One brave developer embarked on a bare-metal project, which he hopes to get back to when he can. Nicholas's posts are listed out in his blog post: The CI20 bare-metal project. His posts are really good and a great starting point into working with this board. This is where I will start working from, reading his posts and building from his knowledge. Thank you very much Nicholas for your project and detailed posts.
This being said, I grabbed crosstool-ng (latest version is 1.22) and built the mips-unknown-elf tools to work with the board in a bare-metal fashion. First you must install crosstool-ng, then you use that to automatically build your tool chain. If you want a list of the supported tool chain samples call crosstool-ng with the list-samples command: ct-ng list-samples. This will print out a list of all the supported tool chain configurations it knows how to build. I knew I wanted mips-unknown-elf, so I called crosstool-ng with the following command: ct-ng mips-unknown-elf and it built a configuration for the bare metal MIPS tool chain. Finally, you tell crosstool-ng to build the tool chain for you with the following command: ct-ng build. I left this to go about it's business while made myself a little adapter board.

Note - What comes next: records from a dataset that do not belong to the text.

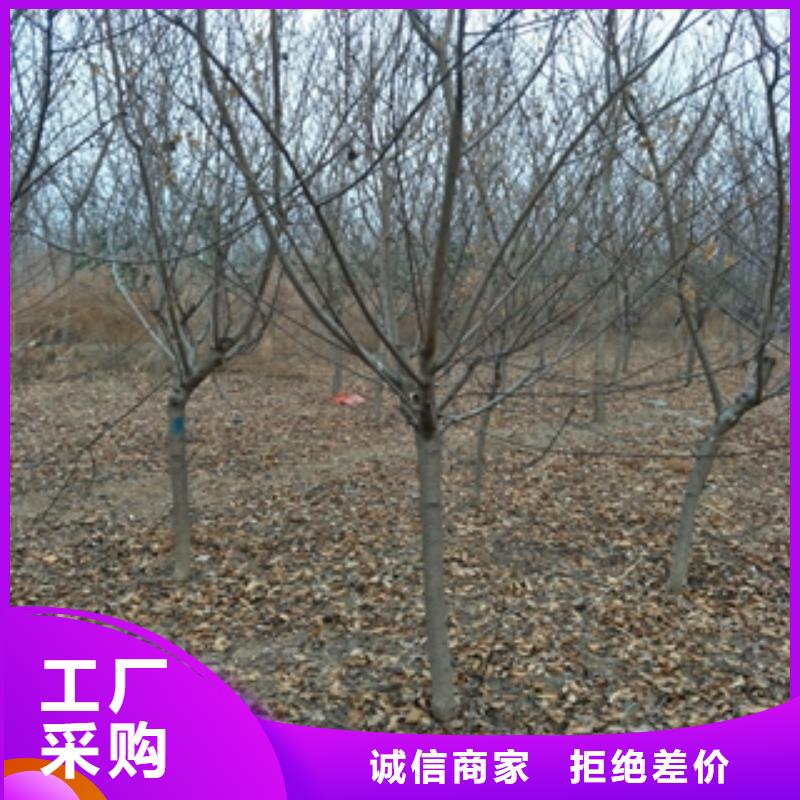 桃树绿化树绿化工程实拍展现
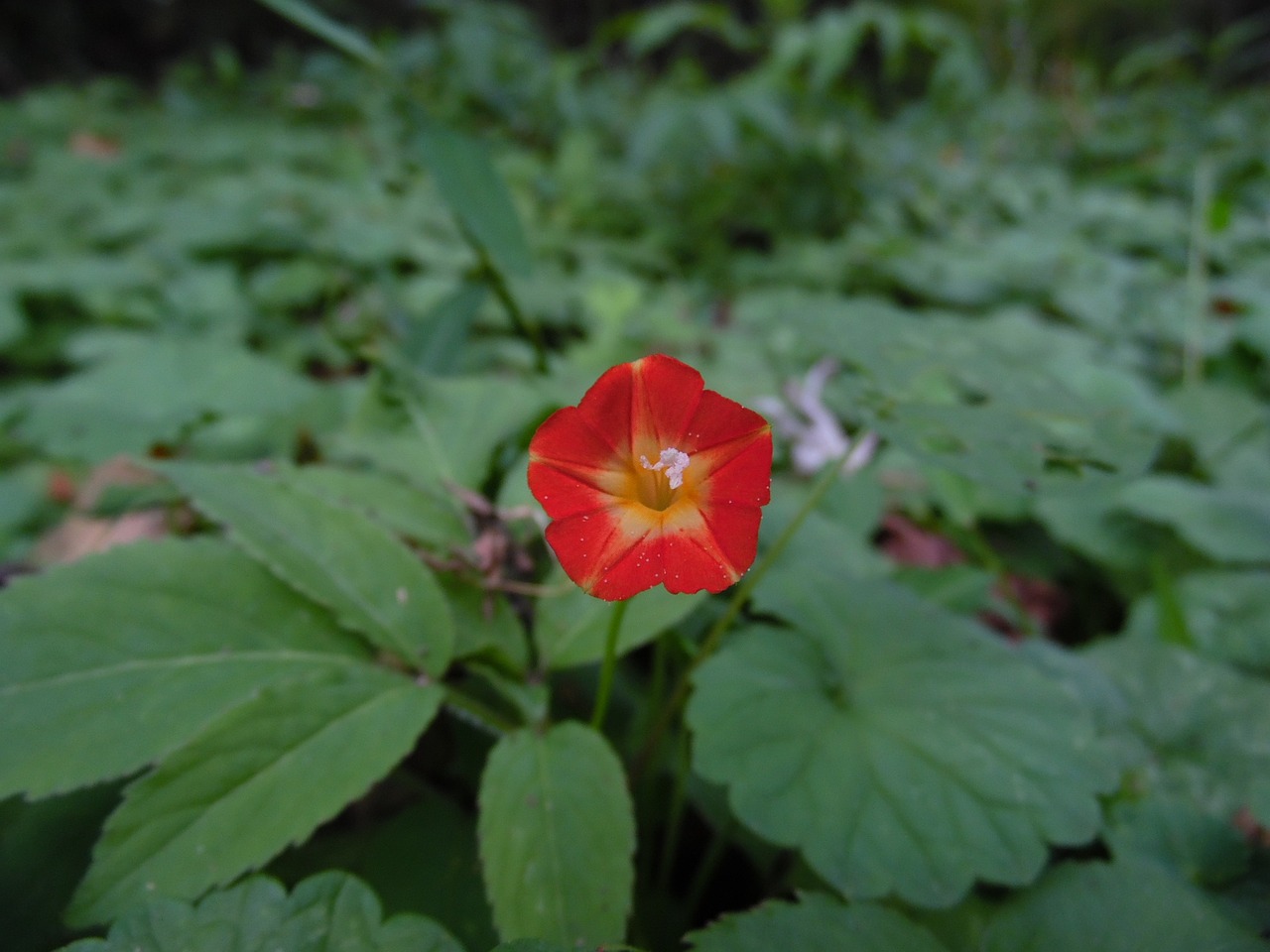 macro red nature free photo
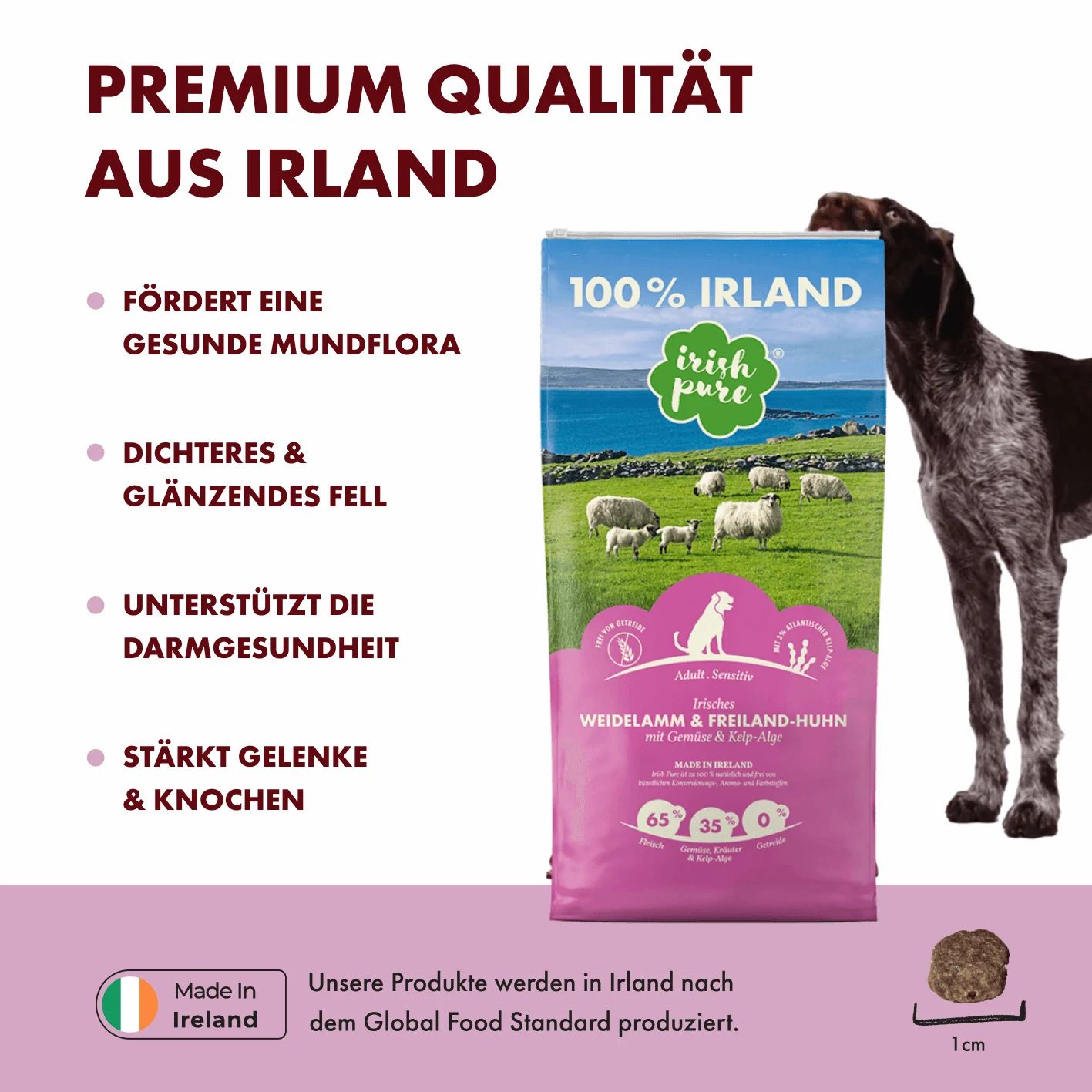 Hundefutter-Beutel mit Lamm und Huhn, 100% Irland, mit Gemüse und Kelp-Alge.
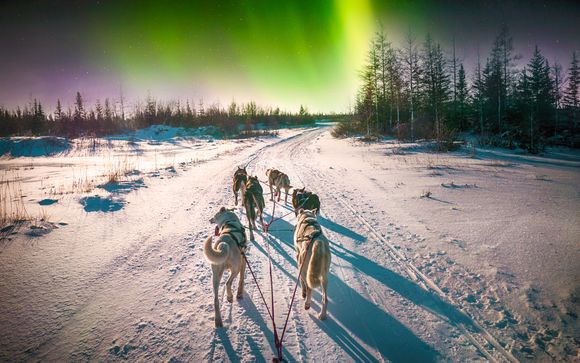 Ihre Reise im Detail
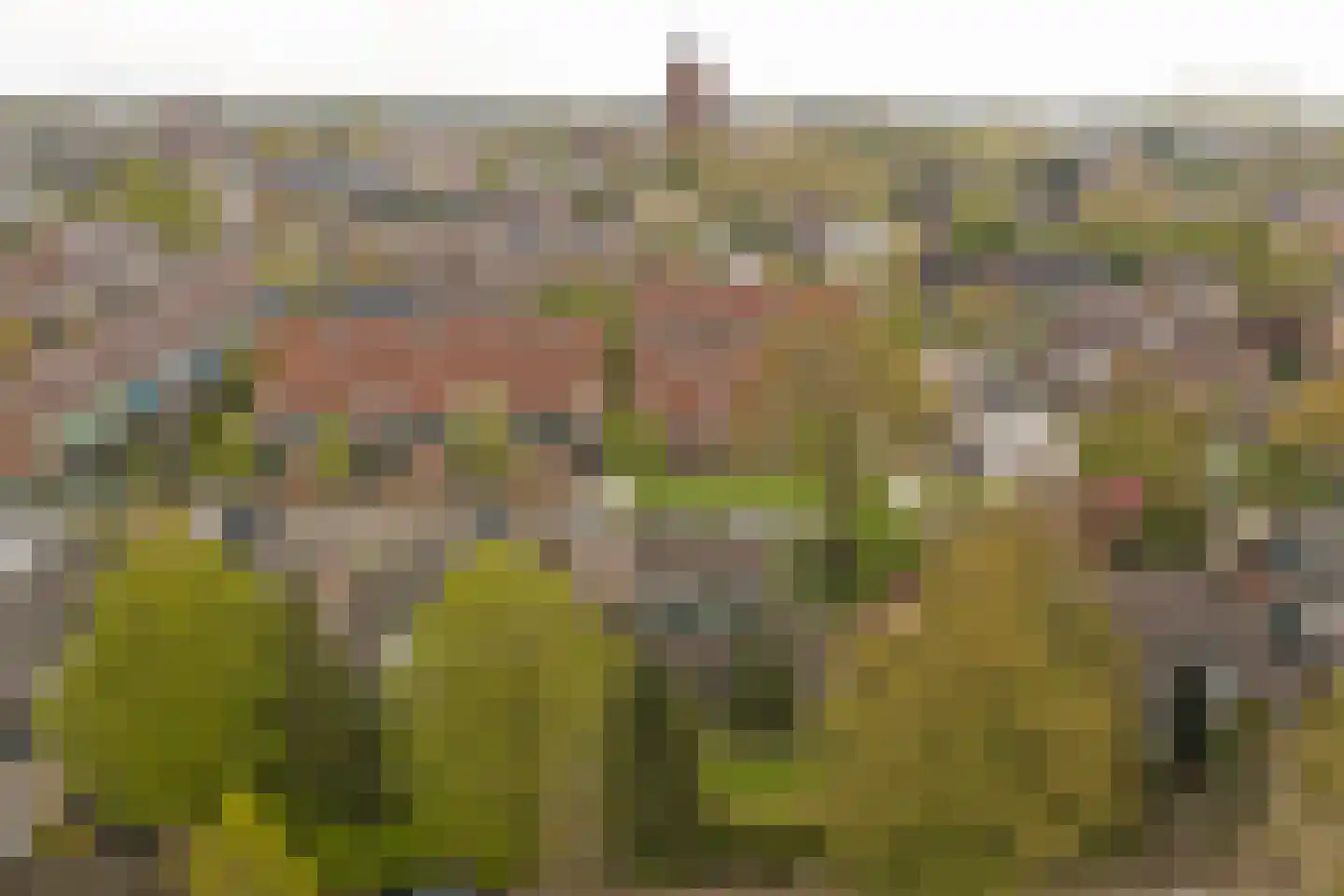 De Ploeg 12 Hoogkarspel thumbnail 41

The pin out for my existing TTL Serial converter don't match the board's pin out for the dedicated UART header. I don't want to continually reconnect jumper wires from the converter to the board.
I finished this, to notice that the tool chain was completely built, I think I now love crosstool-ng!
The tool chain appears to work, gcc complained about no input files, and gdb informed me that it was compiled to target mips-unknown-elf.
I have the tool chain, adapter for my TTL Serial converter, power adapter and Ethernet cable ready, I can plug it all together and power up the board.
I still need to:
- Create a Bitbucket repository to store the code for this project.
- Setup the build system.
- Setup Doxygen to generate documentation.
- Setup a TFTP server to allow me to boot the board off development code easily.
- Setup scripts for build process to copy the image automatically to the TFTP location.
- Test to make sure board will boot the image from TFTP.